I've been trying to make myself a sake connoisseur. I love its mystique. I love its ritual at the sushi bar. I love almost everything about it. But the one thing I don't especially love is its taste.Now don't get me wrong--I like that taste well enough, and keep drinking sake with Japanese food to further immerse myself in the aesthetic. But never does it happen that I have an epiphanous, stop-everything moment over a cup of sake. Until recently.
I was having sushi at a fabulously rustic, down-to-earth, un-fancy, high-reality sushi bar in Honolulu with killer ahi sashimi when I ordered a bottle of Taru Sake.
I fell in love immediately, and consider this the most delicious sake I've ever tasted. I usually find sake too fruity, or not dry enough, or not crisp enough. These qualities detract from the sake's ability to partner food. This one, I'm delighted to report, is ultra-dry, ultra-crisp, and lighter on the palate than most sakes. It's only 13.8 percent alcohol, compared to the usual 16 percent.
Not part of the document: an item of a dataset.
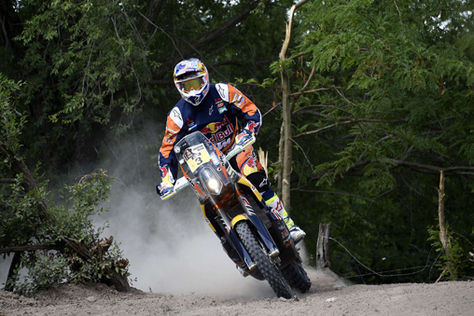 Toby Price se hace con la 2ª etapa y es nuevo líder del Dakar 1 tobypricedakar2016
What's more, the flavors are great. The company in Kobe, Japan, that has been making this stuff since 1659 ages it in Yoshino cedar casks, which produces a cedary, cigar-box flavor, tinged with a little earthiness, leafiness, and a haunting green apple suggestion. It is a junmai sake, which means it is pure rice, and naturally brewed (this junmai, in fact, is brewed from the very rare and prized Yamada Nishiki rice.) Japanese people think of this sake as a nostalgic, old-fashioned one, since all sake used to be stored in wooden barrels and tasted something like this. Very complex, and ideal for food! It costs $5 for a 300 ml bottle, and $11 for a 720 ml bottle.
Taru Availability:
Taru Sake is produced by Kikumasamune in Kobe, Japan. It is distributed in the U.S. by Mutual Trading Co. in Los Angeles. They are wholesalers, and do not have a license to sell to the public. Ask at your local wine store if Taru Sake is available.